Once you have the code signing cert downloaded and installed you can simply add a line to the top of your script to have SciTE automatically sign your newly compiled exe as the final step in the compile process. Something like this:

#AutoIt3Wrapper_Run_After=""%ProgramFiles(x86)%\Windows Kits\....\signtool.exe" sign /tr http://timestamp.comodoca.com/?td=sha384 /td SHA384 /a "%out%""

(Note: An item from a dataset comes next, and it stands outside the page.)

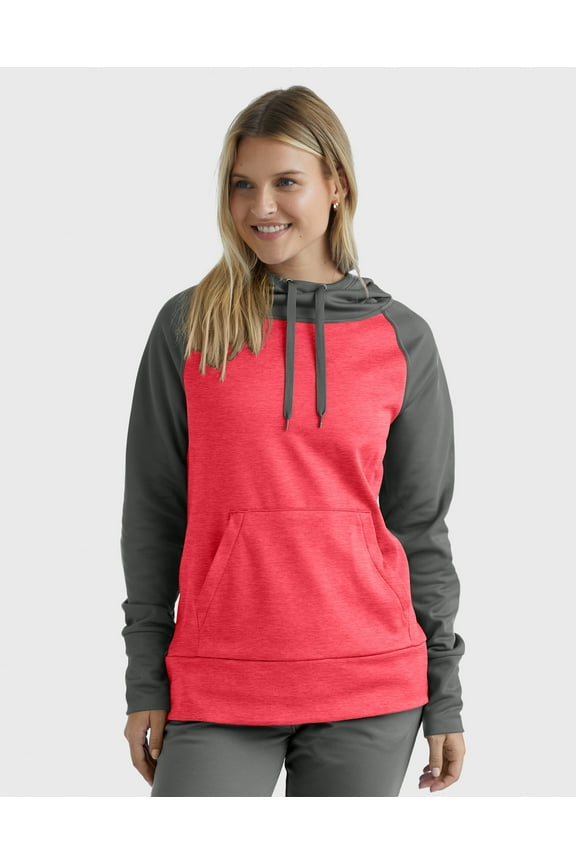 Sport Women's Performance Fleece Hoodie Dada Grey/Razzle Pink Heather M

Also, if you have concerns about Windows Defender being reliable and accurate AV software you can let those concerns go. While it's true Windows Defender has had issues in the past, they were in the beginning of Microsoft's attempts at AV and things have improved significantly since then. If you want to check it out for yourself you can Google it or go here: https://www.techspot.com/news/81396-windows-defender-ranked-joint-best-antivirus-program.html (Fyi, up until about 5 years ago I'd been in IT for >20 years doing anywhere from tech support to Windows/Network Admin. In other words, basically dealing with viruses/rootkits/malware/ransomware on a daily basis because of users or customers lacking the wherewithal to not click the link in the email from an unknown source claiming their inheritance is waiting. 🤦‍♂️)

Edit: Btw, in case anyone does want to go this route I can recommend https://www.thesslstore.com/. I'm not affiliated with them in any way except for that's where I purchased our cert from and I can attest that we received it and it works exactly as I've described. We went with the standard Comodo Code Signing cert. The EV certs are more expensive because they require more background evaluation to be done to verify the entity applying for the cert. It may be advantageous in particular circumstances but isn't necessary to simply avoid AV quarantine.

Also, the other unmentioned advantage is your exes are now digitally signed. While for most customers this won't make a difference, if you're using your scripts in a corporate environment this may be a major peace-of-mind bonus since it's easy to verify the authenticity of your exes and they have certain assurances the exes haven't been tampered with. 👍

Edited September 21, 2019 by Jokerman
Additional info

[Mobius]

Is it me or are AV companies and digital signature companies fading out hobbyist coders and not just those that use interpreted languages either, okay if you are in a corporate environment or are looking to sell your work fine pay your dues to this self sustaining industry, those that do this for fun and knowledge shouldn't really be held to ransom on the off chance we craft something worthy of distribution.

[JLogan3o13]

@Mobius Just curious, if you were one of the big AV companies - how would you police and decide who is a hobbyist and who is not, so that you could apply different levels of response logic?